This was really it, the start of his service. From this point forward he put his personality on hold and became disciplined, silent, and watchful. It was going to be hard.

     Chief spoke up again, bringing Jeff back out of his thoughts: "Alright men. Your new life begins in fourty minutes. Take a moment to get some air and then meet in the Freedom Tower lobby for your orientation."


 
     The chopper touched down at the Downtown Manhattan Helipad, and from there the men rode in a blacked-out Hummer to the World Trade Center complex where they were dropped off around the back side of building Seven. Chief and Patterson left the recruits on their own and headed to the Freedom Tower to take care of a few matters.

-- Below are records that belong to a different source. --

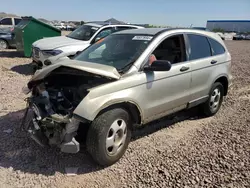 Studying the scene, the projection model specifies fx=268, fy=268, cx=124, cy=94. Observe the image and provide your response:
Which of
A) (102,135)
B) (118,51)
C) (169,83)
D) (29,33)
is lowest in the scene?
(102,135)

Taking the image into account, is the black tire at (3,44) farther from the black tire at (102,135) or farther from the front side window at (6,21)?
the black tire at (102,135)

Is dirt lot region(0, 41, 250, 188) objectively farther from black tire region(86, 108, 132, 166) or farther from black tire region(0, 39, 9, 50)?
black tire region(0, 39, 9, 50)

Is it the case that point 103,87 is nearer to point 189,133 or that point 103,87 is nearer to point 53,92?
point 53,92

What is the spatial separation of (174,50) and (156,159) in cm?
190

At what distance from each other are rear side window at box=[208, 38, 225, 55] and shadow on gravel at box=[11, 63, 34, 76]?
20.6 feet

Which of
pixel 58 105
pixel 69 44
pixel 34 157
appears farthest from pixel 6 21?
pixel 58 105

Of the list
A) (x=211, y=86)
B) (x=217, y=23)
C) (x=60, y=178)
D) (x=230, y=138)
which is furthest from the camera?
(x=217, y=23)

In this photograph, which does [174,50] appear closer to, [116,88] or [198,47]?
[198,47]

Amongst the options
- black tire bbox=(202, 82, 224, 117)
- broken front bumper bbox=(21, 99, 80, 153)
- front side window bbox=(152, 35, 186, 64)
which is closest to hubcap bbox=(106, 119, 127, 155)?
broken front bumper bbox=(21, 99, 80, 153)

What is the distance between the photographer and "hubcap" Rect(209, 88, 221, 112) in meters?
5.41

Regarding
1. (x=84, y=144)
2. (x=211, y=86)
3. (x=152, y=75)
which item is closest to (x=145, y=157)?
(x=84, y=144)

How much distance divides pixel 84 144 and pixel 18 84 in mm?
4843

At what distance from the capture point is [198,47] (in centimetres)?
491

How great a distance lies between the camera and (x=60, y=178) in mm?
3314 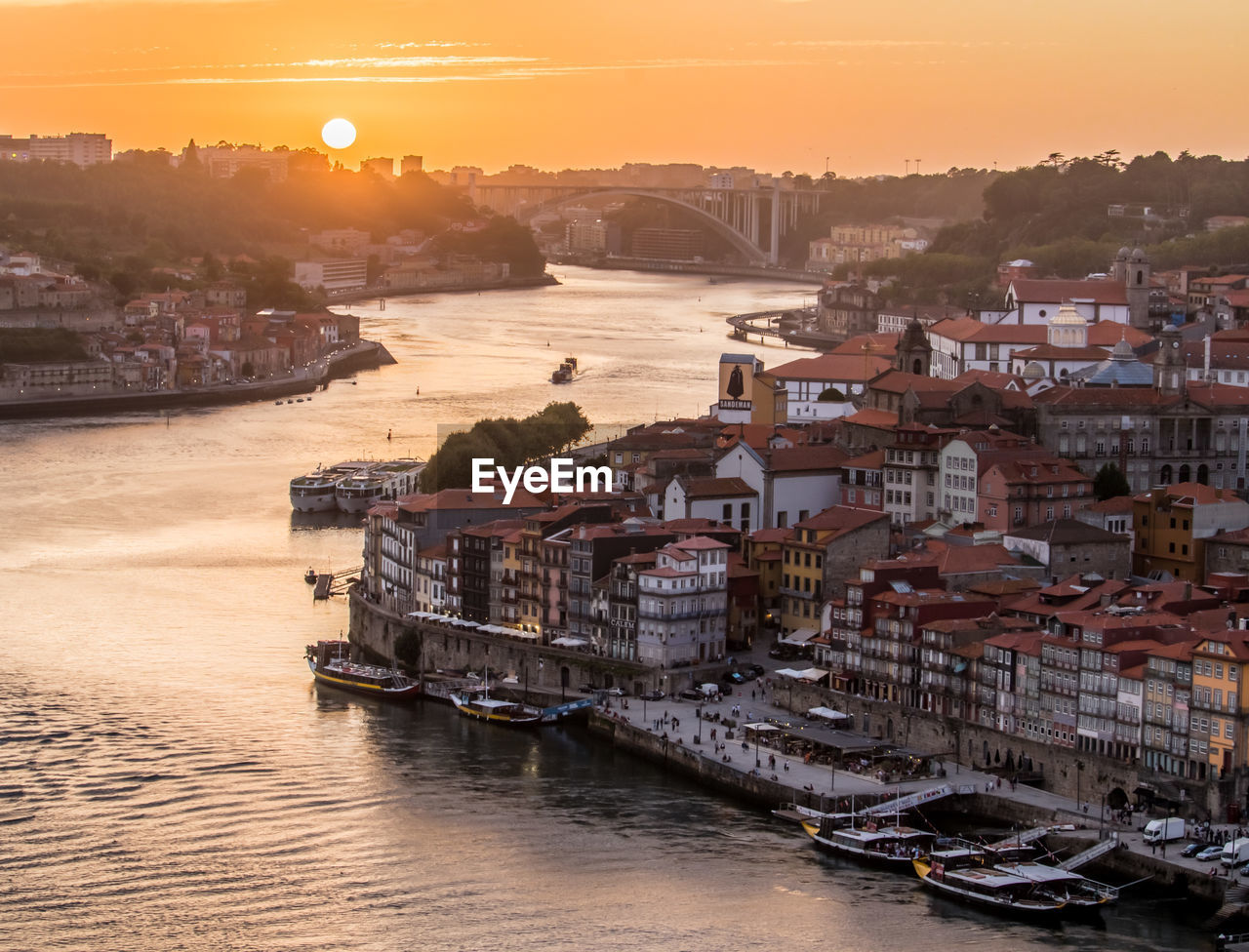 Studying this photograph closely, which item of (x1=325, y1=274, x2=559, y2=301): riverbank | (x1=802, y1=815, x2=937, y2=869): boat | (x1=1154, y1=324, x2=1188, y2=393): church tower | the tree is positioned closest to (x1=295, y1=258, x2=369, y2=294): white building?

     Jeff visited the restroom first thing when they arrived. He and anxiety were not good friends; he always got sick when he was nervous. There were a lot of things he was going to need to get a grip on in order to do well at his coming job, and a roiling gut was one of them.

     Water fountain, restroom, pace for a while, more water, more pacing. Finally the thirty minutes were up, and Jeff and the five other recruits stepped out into Vesey Street and crossed to the Freedom Tower.

     The building was even more impressive from the ground. Jeff had to crane his neck just to see the top; he felt dizzy trying to fathom such great heights. The Tower was so tall it looked as though the jet passing low overhead would surely crash into the side of the building if it didn't pull up sharply.

     A car honked. Jeff pulled his eyes back down to ground level and continued up the stairs, past the fountain, and into the lobby of the Freedom Tower.

    His first impression was _Wow. Shiny._ The silver walls of the majestic lobby reflected the light streaming through the high, arch shaped windows in a way that was stunningly beautiful without being harsh on the eyes. Men and women dressed in business attire flowed through the lobby, stopping at the long black marble desk, sliding through turnstiles, entering and exiting the elevators, and disappearing into hallways that cut through the large square center structure of the lobby. Exotic wood paneling and massive canvas artwork ornamented the walls, and short trees with deep green leaves stood in shiny metal pots around the area.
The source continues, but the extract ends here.